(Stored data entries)

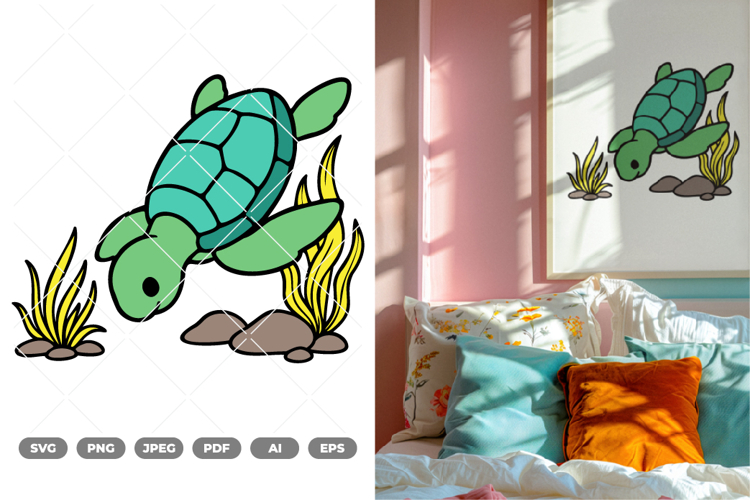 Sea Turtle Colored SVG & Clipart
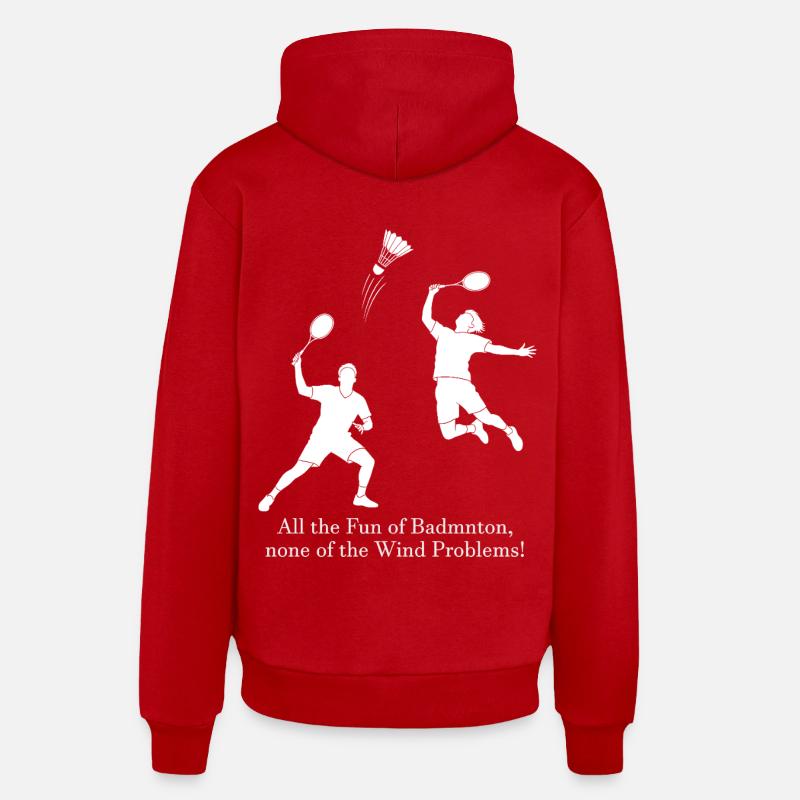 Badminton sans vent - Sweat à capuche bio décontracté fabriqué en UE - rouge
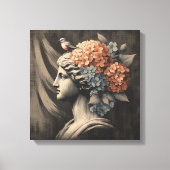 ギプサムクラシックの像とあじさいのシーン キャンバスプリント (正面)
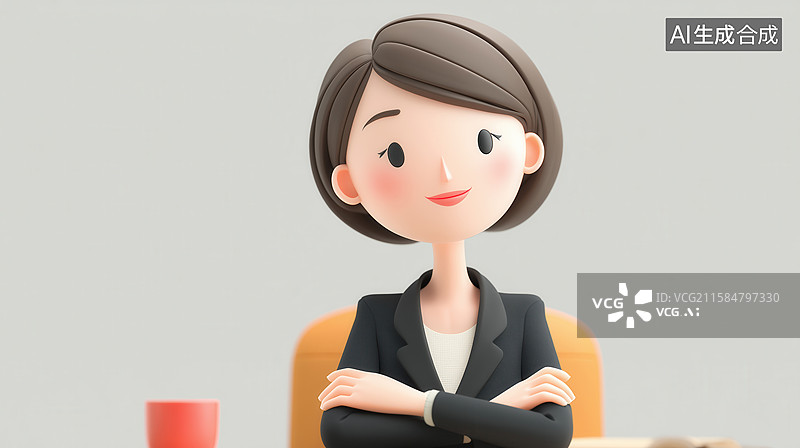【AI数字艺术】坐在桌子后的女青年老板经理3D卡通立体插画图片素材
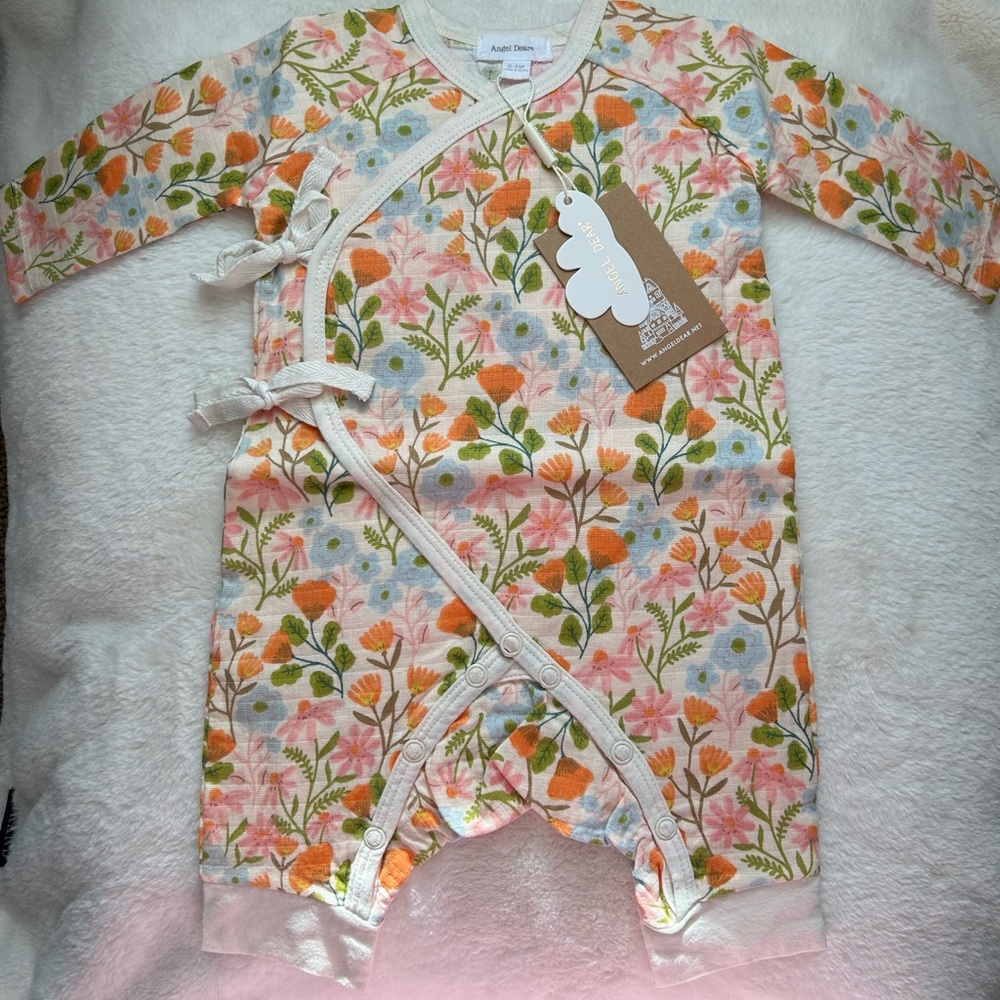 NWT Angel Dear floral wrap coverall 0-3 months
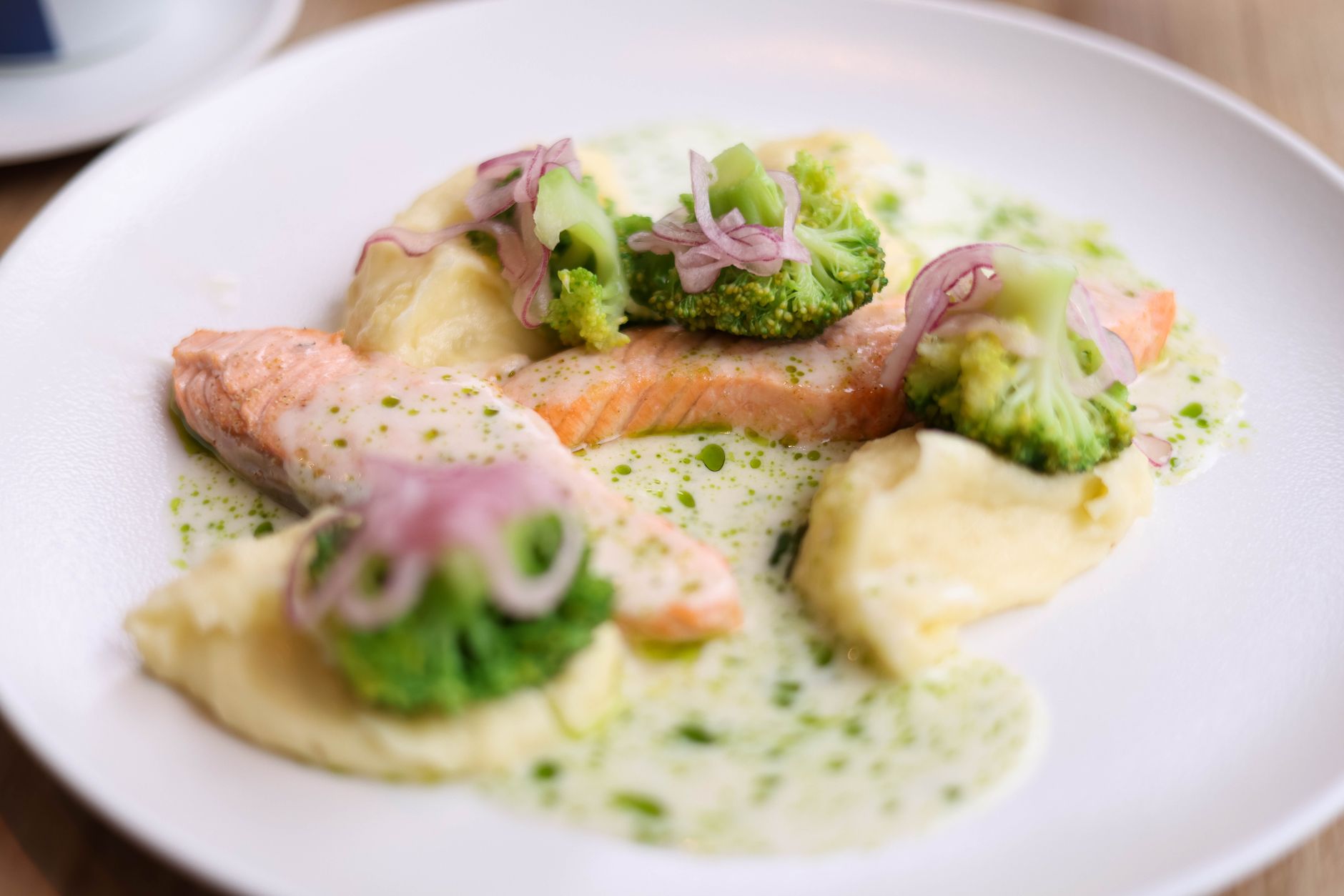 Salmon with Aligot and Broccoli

EXERCISE DETAILS :: Output all of the records exactly as they appear above, but not the pictures.

EXERCISE ANSWER ::
 Sea Turtle Colored SVG & Clipart
 Badminton sans vent - Sweat à capuche bio décontracté fabriqué en UE - rouge
 ギプサムクラシックの像とあじさいのシーン キャンバスプリント (正面)
【AI数字艺术】坐在桌子后的女青年老板经理3D卡通立体插画图片素材
 NWT Angel Dear floral wrap coverall 0-3 months
 Salmon with Aligot and Broccoli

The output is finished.